Auf der anderen Seite mussten sehr extrovertierte und meinungsstarke KollegInnen lernen, sich auch mal zurückzuhalten. Am Ende muss sich jeder die Frage stellen, ob eine Entscheidung die eigene Arbeit beeinflusst, und wie wichtig es ist, an dieser Entscheidung beteiligt zu sein.
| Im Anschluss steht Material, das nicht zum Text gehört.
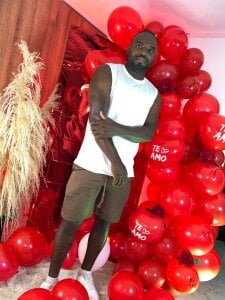 Jean_carlos94 San Valentin 🎁🎀 Gambar 4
Kurze Wege zu unseren Zielen
Bei drängenden Entscheidungen, wie beispielsweise Einstellungs- oder Projektfragen, wurde uns bewusst, dass wir bei Alvary eine Fast Lane brauchen. Wir wollten einen Weg für kurzfristige Entscheidungen finden, um nicht auf die Abstimmung der wöchentlichen Kreis-Besprechung warten zu müssen. Die Entscheidung für eine solche Fast Lane trafen wir in einer der monatlichen Governance-Besprechungen. In diesen Besprechungen werden gemeinsam Vorschläge diskutiert und entschieden, die die gesamte Organisation betreffen (“Muss es für das neue Büro wirklich der teure Betonfußboden sein?”). Kontinuierlich versuchen wir in den Meetings anhand vorbereiteter Vorschläge unsere Organisation zu hinterfragen, gute Aspekte zu verstärken und laufende Prozesse („An die Low Voice Policy im Open Space Office hält sich immer noch keiner”) zu verbessern.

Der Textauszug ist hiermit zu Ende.